Based on the loss function of ACGAN [13], we use Wasserstein divergence to address the potential gradient explosion issue in the training process. Hence, the loss function of our method consists of two parts: the loss function $L (D)$ of discriminator and the loss function $L (G)$ of generator, with each loss function consisting of two components: the adversarial loss function $L_{s}$ and the conditional loss function $L_{c}$ .

The purpose of $L (D)$ is to ensure that the discriminator can distinguish between real and generated samples and accurately classify them based on their respective conditions, as shown below:

L_{s} (D) = E_{x \sim P_{d}} [D (x)] - E_{z \sim P_{z}} [D (z)] - k E_{u \sim P_{u}} [{‖\nabla D (u)‖}^{p}] (10)
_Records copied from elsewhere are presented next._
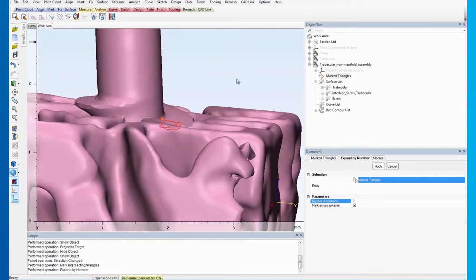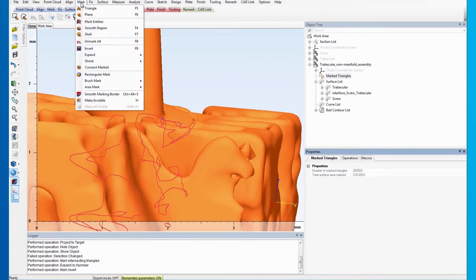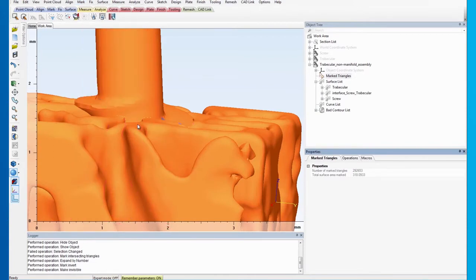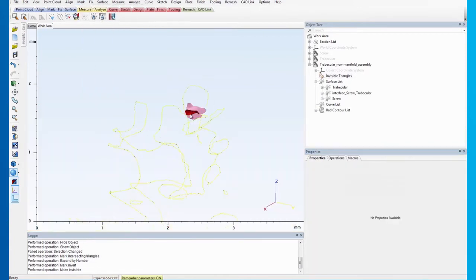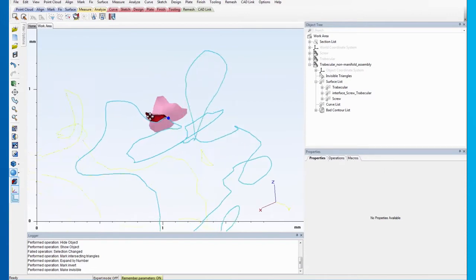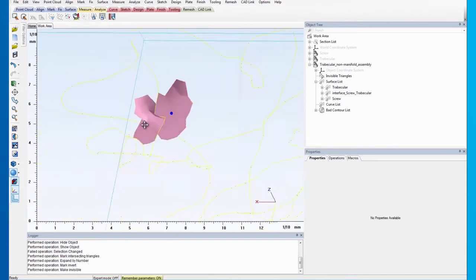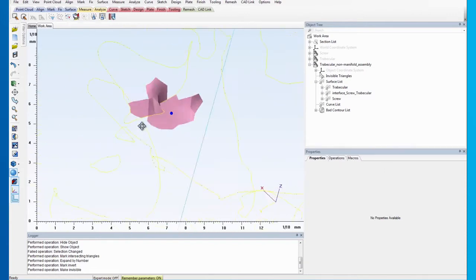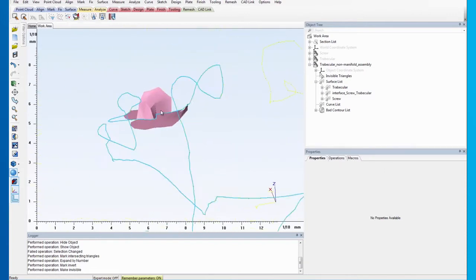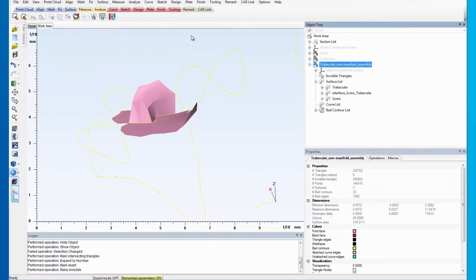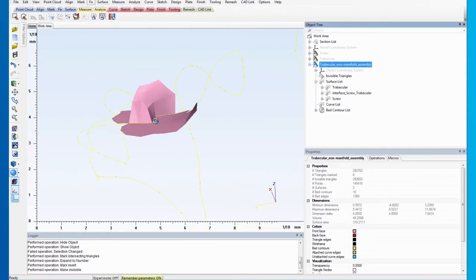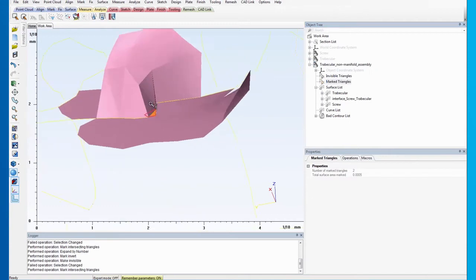Next, invert the marking and hide all the marked triangles to single out the island that contains the intersecting triangles. Mark Intersecting Triangles again to highlight them.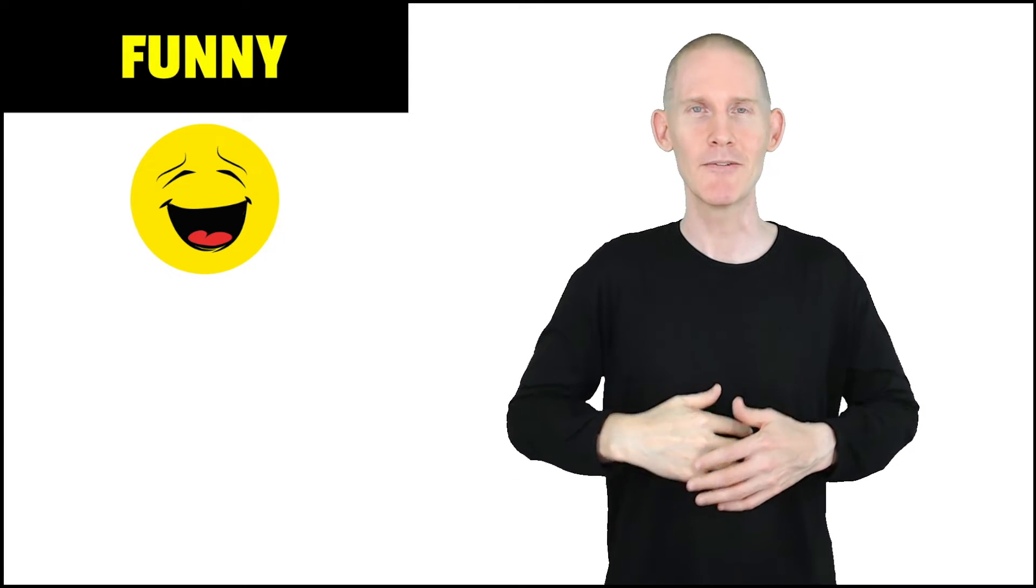Funny. Okay, rest position, sign with me, let's do it three times.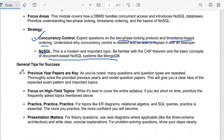As a general tip for success: previous year question papers are the key, so practice as many questions from them as possible. Thank you.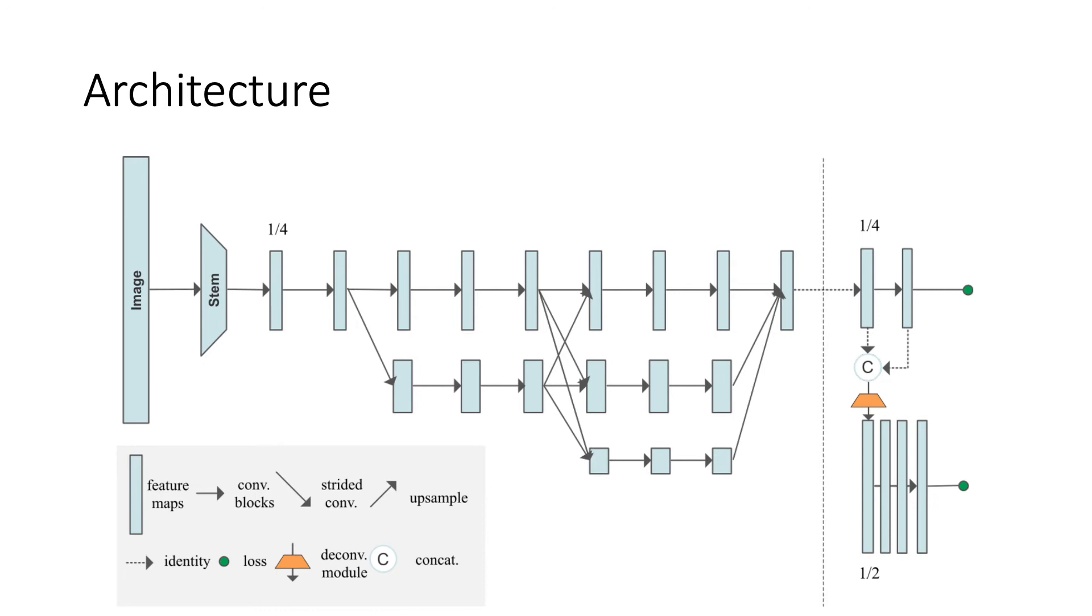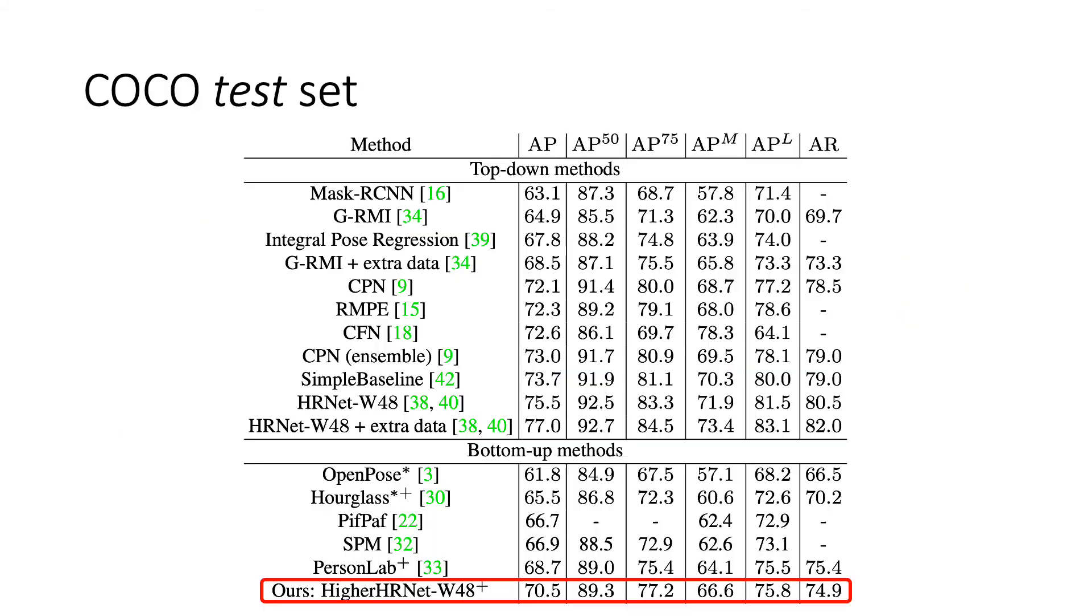HigherHRNet is built upon HRNet with a high-resolution feature pyramid. The high-resolution feature pyramid is constructed by 4x4 convolution with stride two and deconvolution, followed by four residual blocks.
L_{c} = E_{x \sim P_{d}} [R (x | c_{x})] + E_{z \sim P_{z}, c \sim P_{c}} [R (G (z, c) | c)] (11)

L (D) = L_{c} + L_{s} (D) (12)

where $L_{s} (D)$ represents the adversarial loss function that is modified with Wasserstein divergence; $L_{c}$ is the conditional loss function; $R (∙)$ denotes the cross-entropy loss function; $c_{x}$ indicates the category label of real data sample $x$ , and $c$ denotes the category label of generated data $G (z, c)$ . $P_{c}$ represents the distribution of sample class labels. During the training process of discriminator, our objective is to maximize its loss function $L (D)$ .
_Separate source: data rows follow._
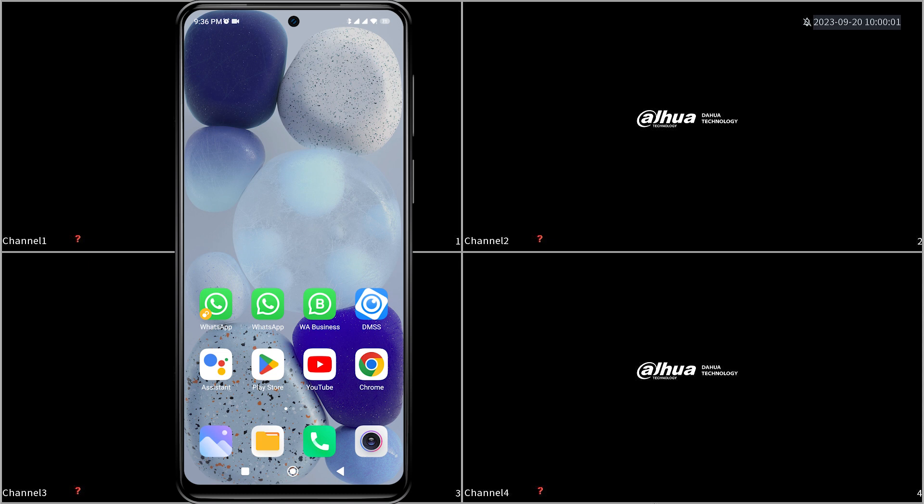Now let's start the steps. Firstly, open the DMSS application.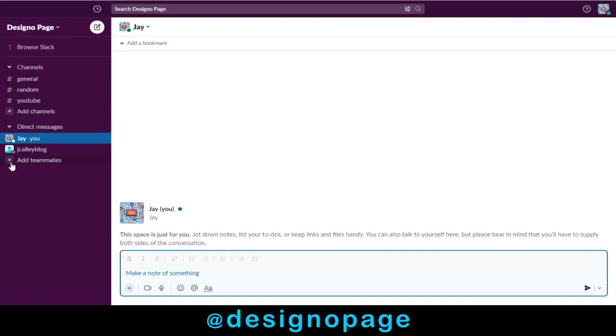Here in the left-hand side bottom, you have the option of adding team members. Click add teammates.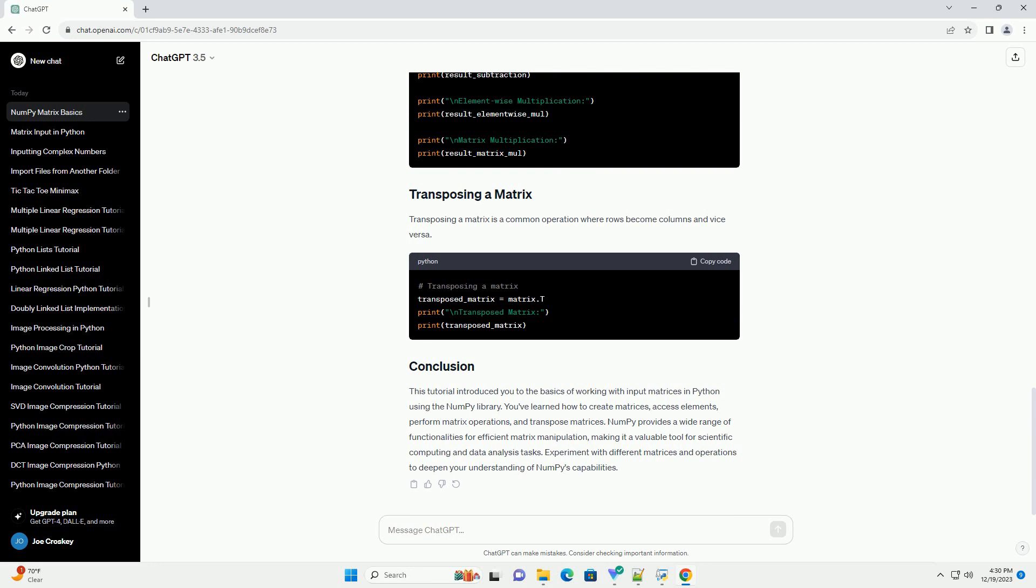NumPy supports various matrix operations, such as addition, subtraction, multiplication, and more.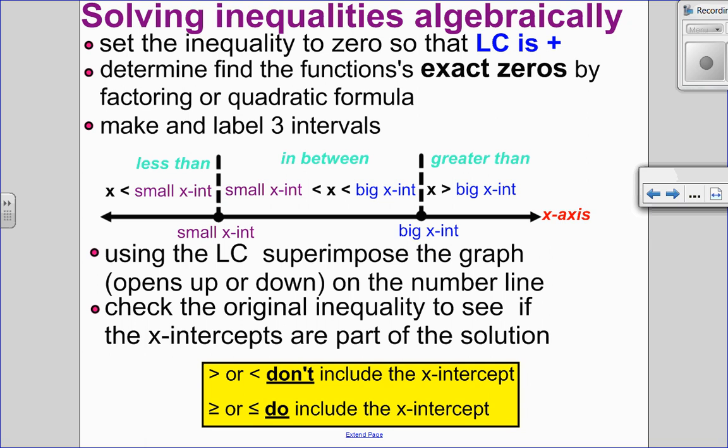Let's look at how to solve these algebraically. First thing we're going to do is set the inequality to 0 so that the leading coefficient is positive. We want to do that because we are going to find the x-intercepts — using factoring or the quadratic formula, but not our graphing calculator. Once we've found our x-intercepts, we're going to label three intervals: x is less than the small intercept, in between the small and the big, or greater than the big. This is a number line, really just an algebraic representation of the x-axis. Now, is the leading coefficient positive or negative? If it's positive, I know it opens up and I can superimpose the graph on my number line. If negative, I know it opens down.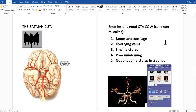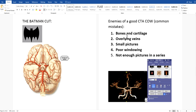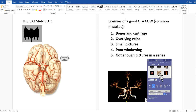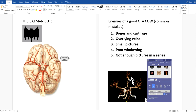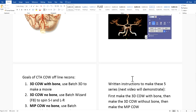Now, what are the enemies of a good COW? These are common mistakes. One is not cutting off enough bones and cartilage — you have to cut those off to see the COW. Another is leaving overlying veins — cut the veins out so they don't block the arteries. Small pictures are a problem too; you can't make tiny pictures in the middle of the screen because if you have to magnify them on PACS they lose resolution and get blurred — fill the whole screen. Another issue is poor windowing. Use this template tab here, select the COW template with the white background — not the one with the black background. Double-click it for a good starting point, but still tweak the windows so the MCA is nice and shiny and clear. And finally, not enough pictures in a series — if you only save 12 pictures per series, the motions will be choppy and you won't have all the views needed.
Likewise, the purpose of $L (G)$ is to generate high-quality data samples such that the discriminator cannot distinguish whether the sample is real or fake, as illustrated below:

L_{s} (G) = E_{z \sim P_{z}} [D (z)] (13)

L_{c} = E_{x \sim P_{d}} [R (x | c_{x})] + E_{z \sim P_{z}, c \sim P_{c}} [R (G (z, c) | c)] (14)

L (G) = L_{c} - L_{s} (G) (15)

where $L_{s} (G)$ represents the adversarial loss function for the generator. Similarly, we aim to maximize its loss function $L (G)$ in the training process.

3.4 Network training

During the training process of the model, the discriminator continuously enhances its capability to distinguish between real samples and generated samples, while the generator continuously improves its ability to generate realistic samples. The discriminator updates its weights by utilizing both real and generated samples, and the generator updates its weights through the error feedback from the discriminator. The training process of the model is a maximization and minimization process. In the adversarial training of the discriminator and the generator, the discriminator minimizes the probability of misclassification, and the generator maximizes the error probability of the discriminator. The iterative training method of the generator and the discriminator is employed to prevent the over-fitting of the generator network. The specific training steps of the model are illustrated in Algorithm 1.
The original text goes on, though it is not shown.